LOW pip install introduces PyPI supply chain dependency -5

install.sh executes 'pip install edge-tts' at installation time, pulling and executing code from PyPI. While edge-tts is a well-known library wrapping Microsoft's TTS API, this introduces a supply chain trust dependency. A compromised or typosquatted package could execute arbitrary code at install time.

LOW Persistent config file written to user home directory -8

config_manager.py creates and writes ~/.tts-config.json, storing voice, rate, volume, pitch, proxy, and timeout preferences. This file persists across sessions and skill restarts, is readable by other processes running as the same user, and could be tampered with by another skill to pre-configure a malicious proxy URL.

LOW All synthesized text transmitted to Microsoft cloud service -5

Every invocation of the TTS skill transmits the full text being synthesized to Microsoft Edge's online TTS service. Users should be aware that confidential content — meeting notes, code, personal information — passed to TTS will leave the local environment and be processed by Microsoft's infrastructure.

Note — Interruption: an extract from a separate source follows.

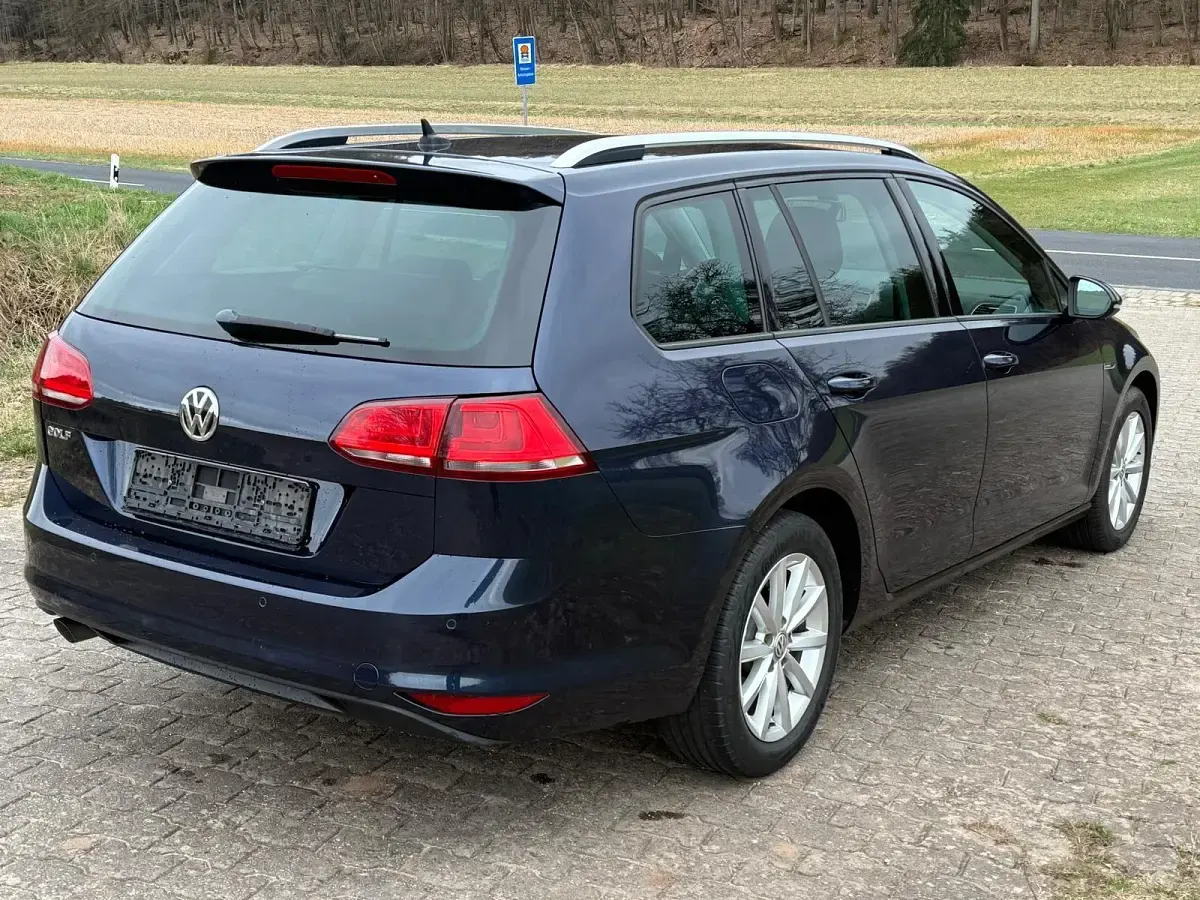 Gebraucht VW Golf VII LOUNGE 110 PS (80 kW) 2015 Blau Kombi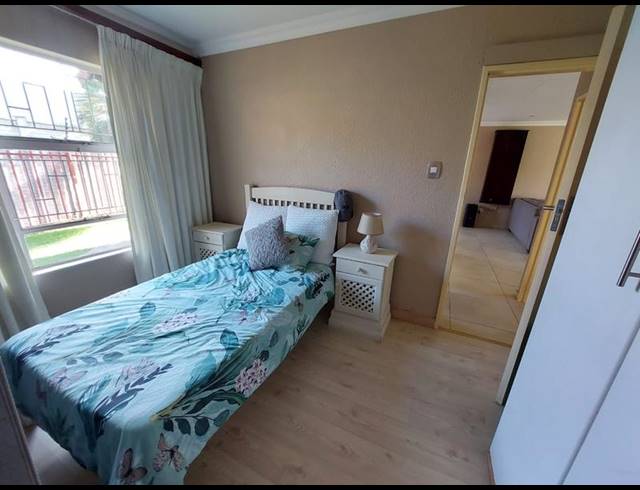 2 BEDROOM PROPERTY TO RENT IN VAALPARK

INFO Skill directs agent to act on keyword detection without per-invocation confirmation -12

SKILL.md instructs the agent to automatically detect the 'tts' keyword and invoke the TTS tool without requiring explicit user confirmation for each use. While standard for skill operation, this means a malicious document or webpage containing the word 'tts' could trigger TTS invocation with injected content.